Ahead of today’s budget, we were told to expect a radical transformation, after the window dressers have worked on the prime mannequin overnight. We were told to look out for Rishi the Thatcherite, the tax-cutter, the slayer of inflation, doing his nodding-donkey act as his chancellor, to repeated drum rolls, pulls out of the hat some anaemic and inadequate “tax breaks”, in lieu of the strategy that should have been pursued years ago. Insulated as the Tory parliamentary party is from the rest of the nation and the real world, is it conceivable that its MPs truly believe this transparent ploy will make the slightest bit of difference to the electorate’s resolve to terminate the Conservative Party at the next election?

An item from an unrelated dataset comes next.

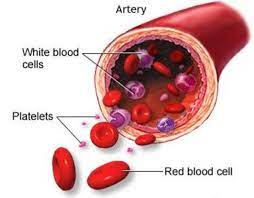 A normal platelet count ranges from 150,000 to 400,000 per microliter of. Low Platelet Count My Blood Stopped Clotting Hubpages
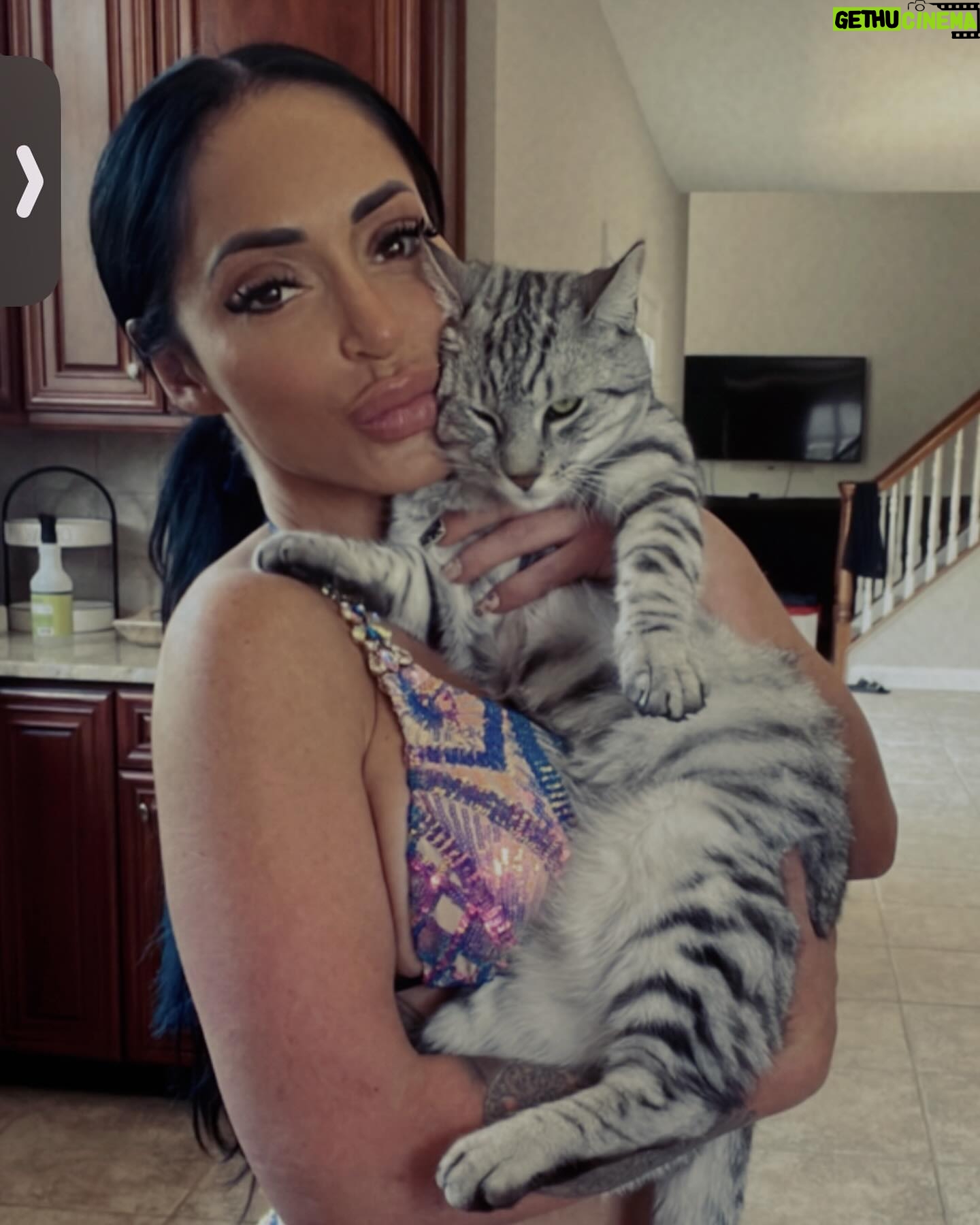 Angelina Pivarnick Instagram - Two cuties. Had to share. Love your pets. They are the best loves you will ever know. Trust them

Do the Tories not realise how pathetic they look, how much contempt they invite? So far, 56 realists have sufficiently wakened up to their predicament to announce they will not be standing at the next election, preferring not to wait for the humiliation of the returning officer announcing their congé by the electorate. For, beyond peradventure and make no mistake, this is the end for the Conservative Party. Its demise has often been predicted, then contradicted, in the past; but this time it is different.
The Tory tradition, which the recent party leaderships betrayed even before they subverted the country, has deep roots. Throughout English history, centuries before the birth of ideology, there were two competing pulses in public life, an almost submerged, but potent, continuum. If one were to ask an intelligent school history student what King John, Henry III, Richard II and Charles I had in common, the question might provoke bafflement; but if one then asked, in corollary, what attitudes united King John’s baronial opponents, Simon de Montfort, Henry IV and Oliver Cromwell, a pattern might be detected.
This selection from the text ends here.